PROBLEM TO WORK ON:
Reproduce all of the records word for word, omitting the pictures.

GIVEN RECORDS:

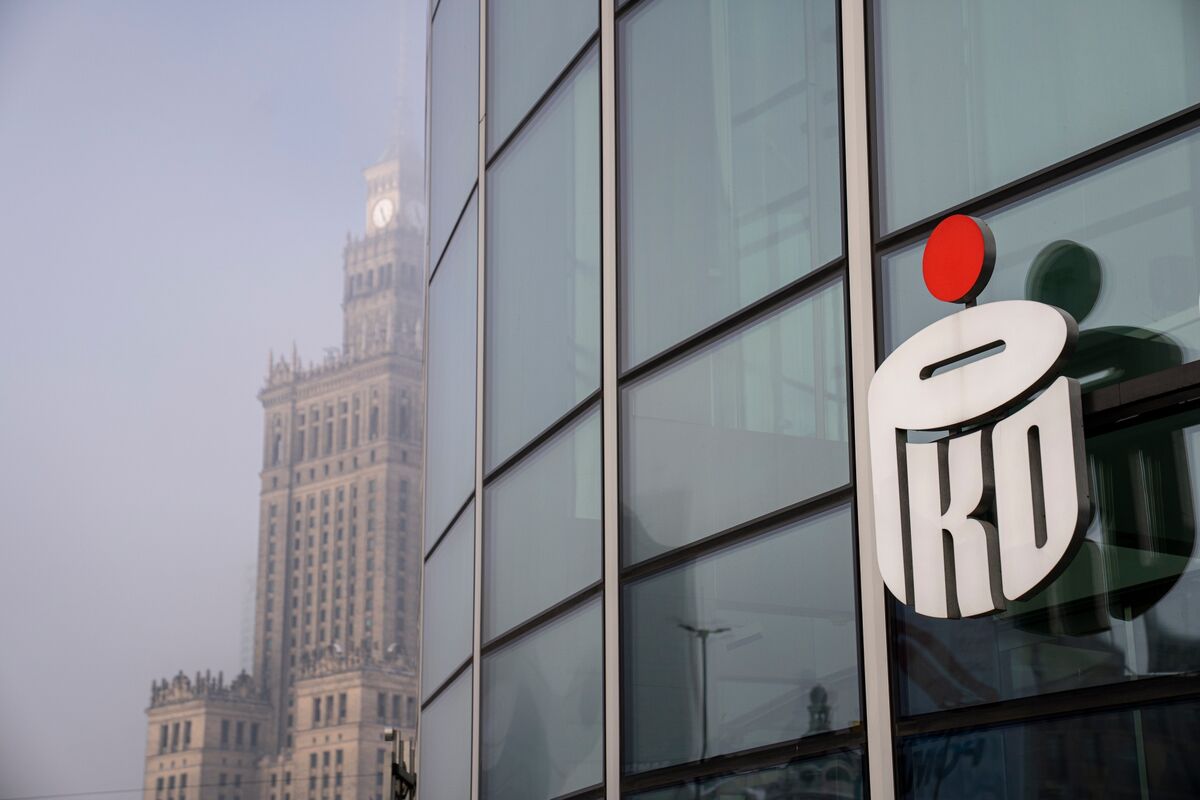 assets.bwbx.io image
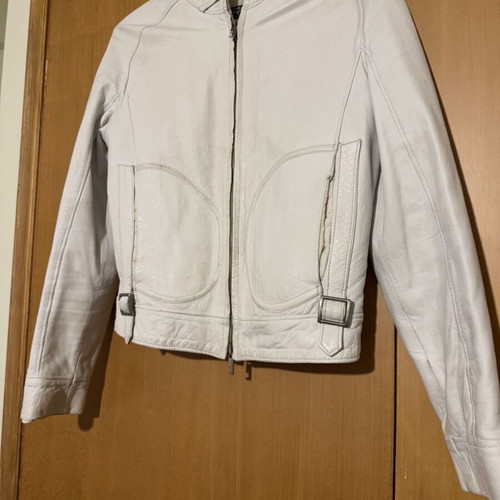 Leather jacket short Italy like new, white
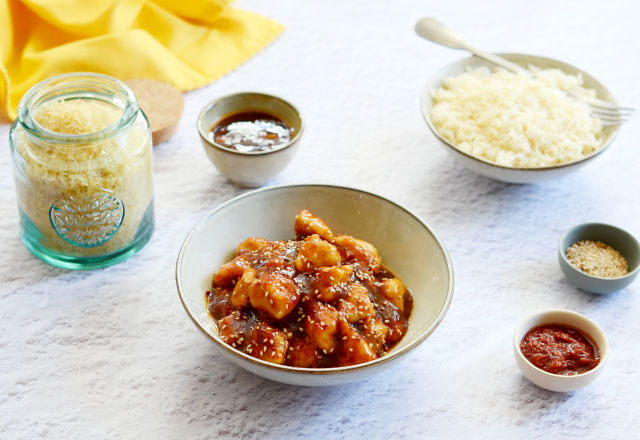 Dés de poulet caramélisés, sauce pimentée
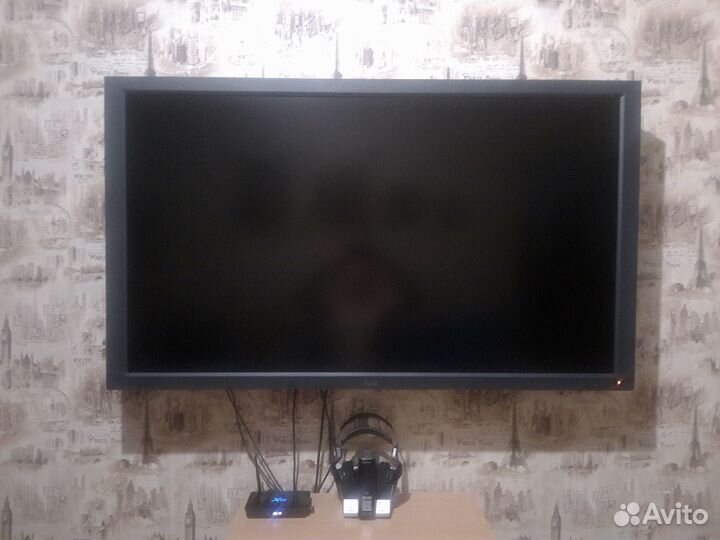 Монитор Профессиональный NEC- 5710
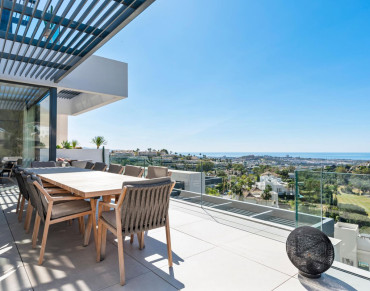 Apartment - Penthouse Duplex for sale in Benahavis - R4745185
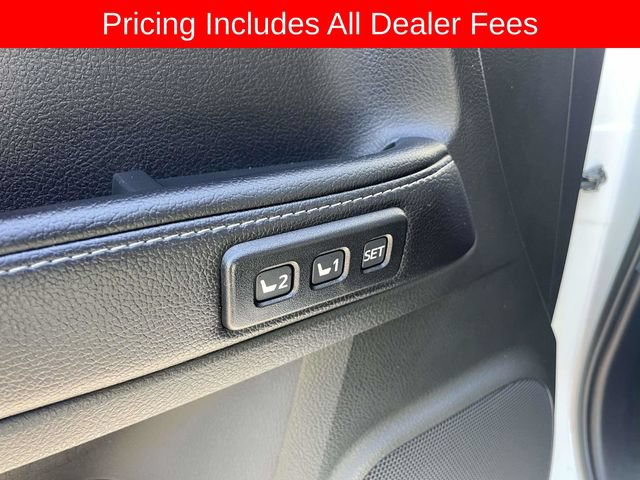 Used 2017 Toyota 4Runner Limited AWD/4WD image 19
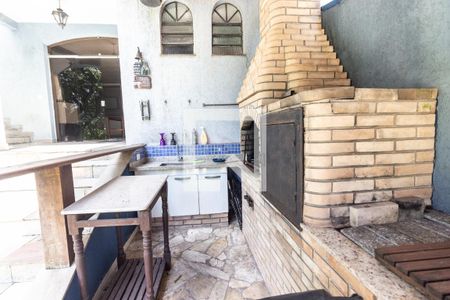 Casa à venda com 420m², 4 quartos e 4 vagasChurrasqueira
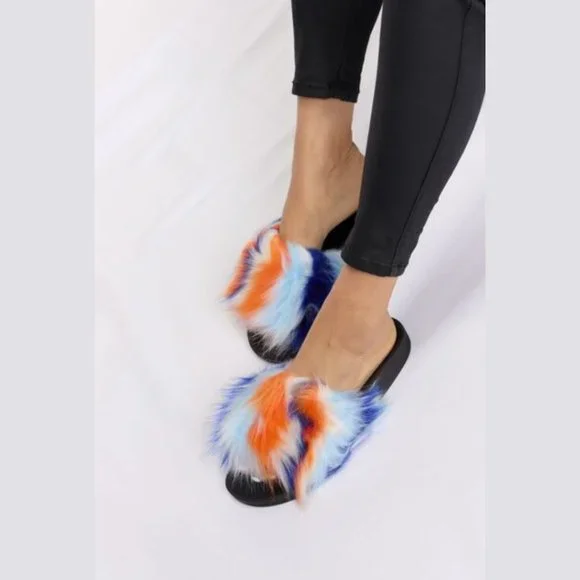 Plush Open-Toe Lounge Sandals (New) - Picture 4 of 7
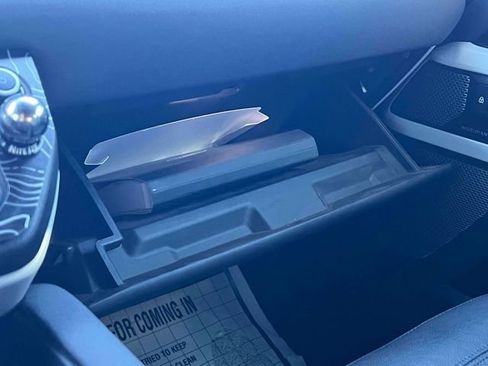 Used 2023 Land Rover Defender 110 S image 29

PROBLEM SOLUTION:
 assets.bwbx.io image
 Leather jacket short Italy like new, white
 Dés de poulet caramélisés, sauce pimentée
 Монитор Профессиональный NEC- 5710
 Apartment - Penthouse Duplex for sale in Benahavis - R4745185
 Used 2017 Toyota 4Runner Limited AWD/4WD image 19
 Casa à venda com 420m², 4 quartos e 4 vagasChurrasqueira
 Plush Open-Toe Lounge Sandals (New) - Picture 4 of 7
 Used 2023 Land Rover Defender 110 S image 29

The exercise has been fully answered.